[Recorded data]
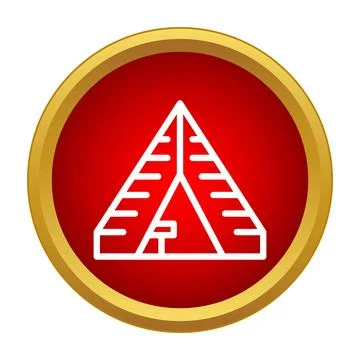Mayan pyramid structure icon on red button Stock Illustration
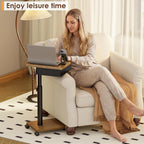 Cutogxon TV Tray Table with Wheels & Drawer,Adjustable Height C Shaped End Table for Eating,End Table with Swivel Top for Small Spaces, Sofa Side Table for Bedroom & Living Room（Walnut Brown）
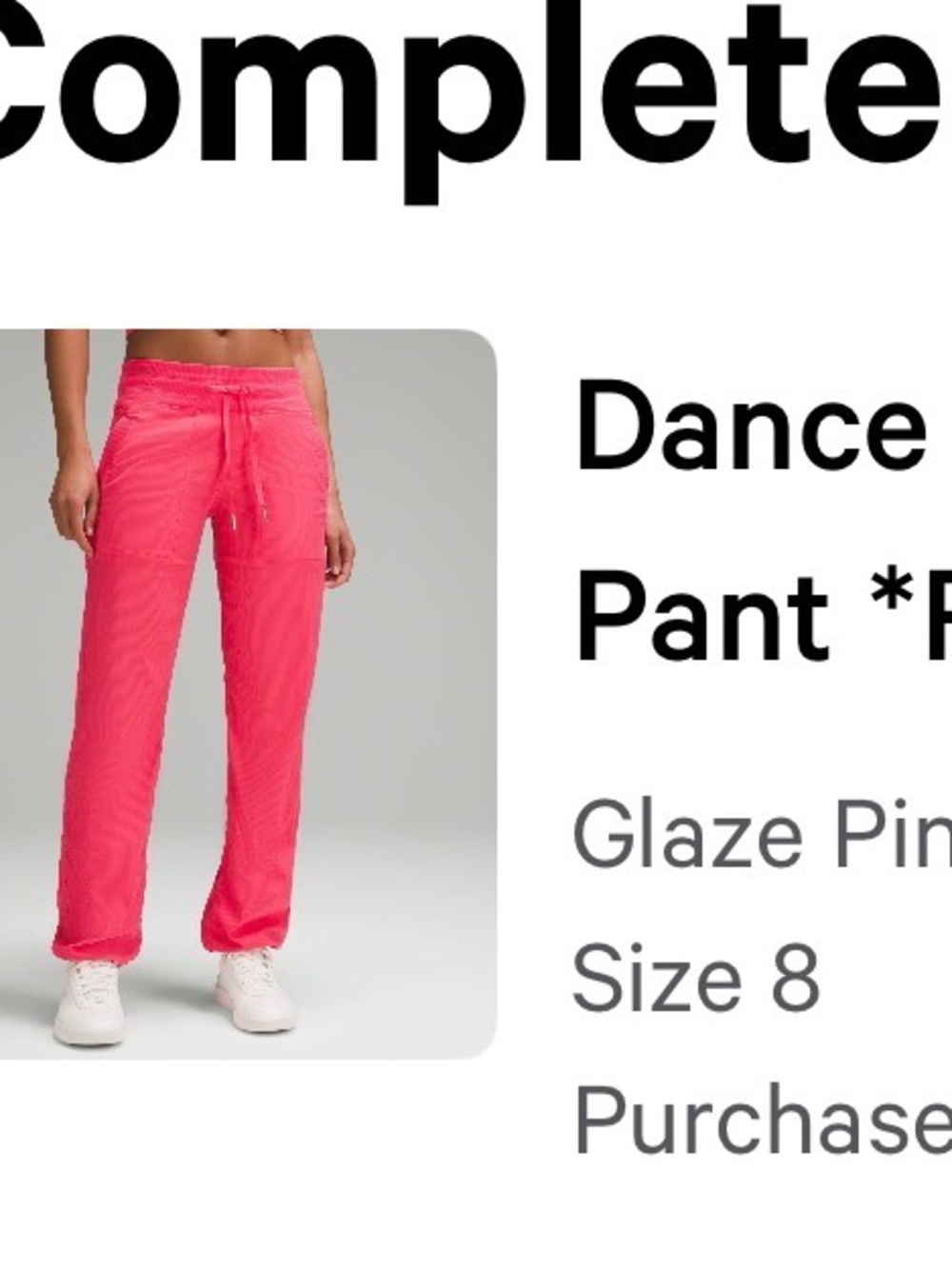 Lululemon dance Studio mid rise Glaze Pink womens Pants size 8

[Task instructions]
Give the listing again word for word, but drop every picture.

[Your solution]
Mayan pyramid structure icon on red button Stock Illustration
 Cutogxon TV Tray Table with Wheels & Drawer,Adjustable Height C Shaped End Table for Eating,End Table with Swivel Top for Small Spaces, Sofa Side Table for Bedroom & Living Room（Walnut Brown）
 Lululemon dance Studio mid rise Glaze Pink womens Pants size 8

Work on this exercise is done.